Each line below from the "MILWAUKEE Face Shield" line through the "Item preview, Funny" line, those two included, must be restated word for word; the pictures must not be.

» **Supplied data**:
= Beginning of Section =

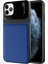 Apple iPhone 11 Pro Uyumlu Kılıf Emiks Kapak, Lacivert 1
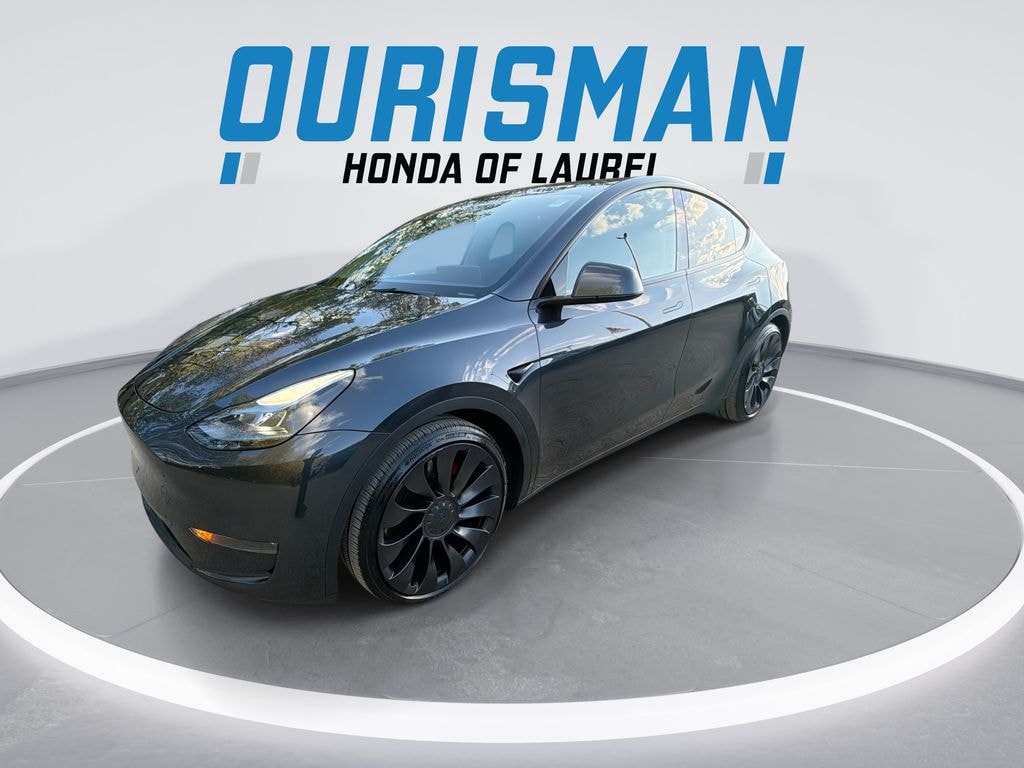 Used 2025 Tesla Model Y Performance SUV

= End of Section =
= Beginning of Section =

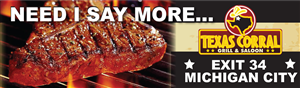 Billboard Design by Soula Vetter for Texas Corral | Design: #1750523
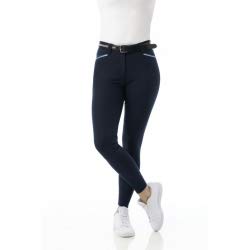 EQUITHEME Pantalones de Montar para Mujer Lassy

= End of Section =
= Beginning of Section =

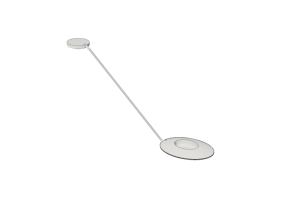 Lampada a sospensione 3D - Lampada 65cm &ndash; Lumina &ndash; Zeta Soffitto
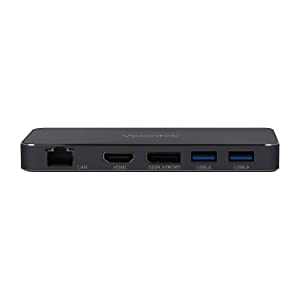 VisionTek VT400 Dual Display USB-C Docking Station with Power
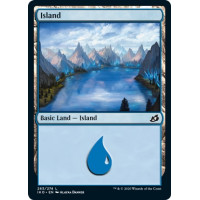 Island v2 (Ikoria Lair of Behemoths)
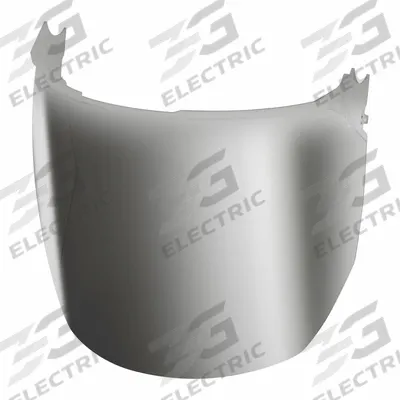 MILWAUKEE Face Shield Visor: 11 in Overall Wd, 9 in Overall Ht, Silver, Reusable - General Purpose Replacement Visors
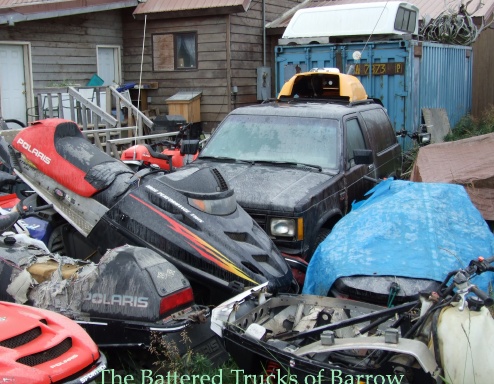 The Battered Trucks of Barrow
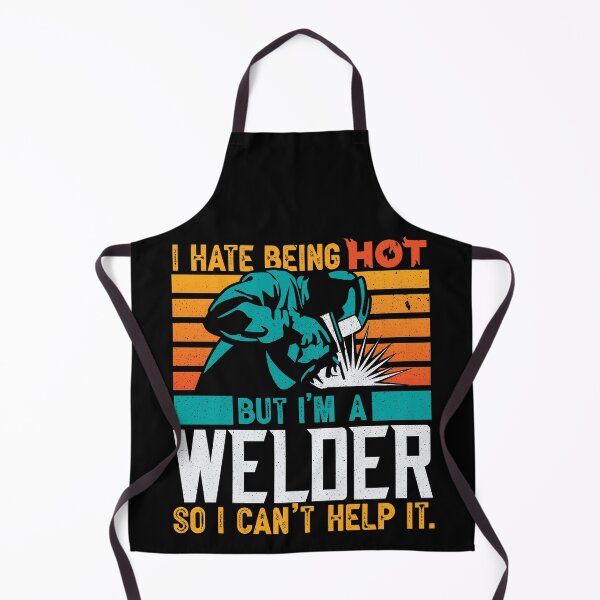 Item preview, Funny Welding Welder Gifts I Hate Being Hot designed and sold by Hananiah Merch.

= End of Section =

» **Solved exercise**:
 MILWAUKEE Face Shield Visor: 11 in Overall Wd, 9 in Overall Ht, Silver, Reusable - General Purpose Replacement Visors
 The Battered Trucks of Barrow
 Item preview, Funny Welding Welder Gifts I Hate Being Hot designed and sold by Hananiah Merch.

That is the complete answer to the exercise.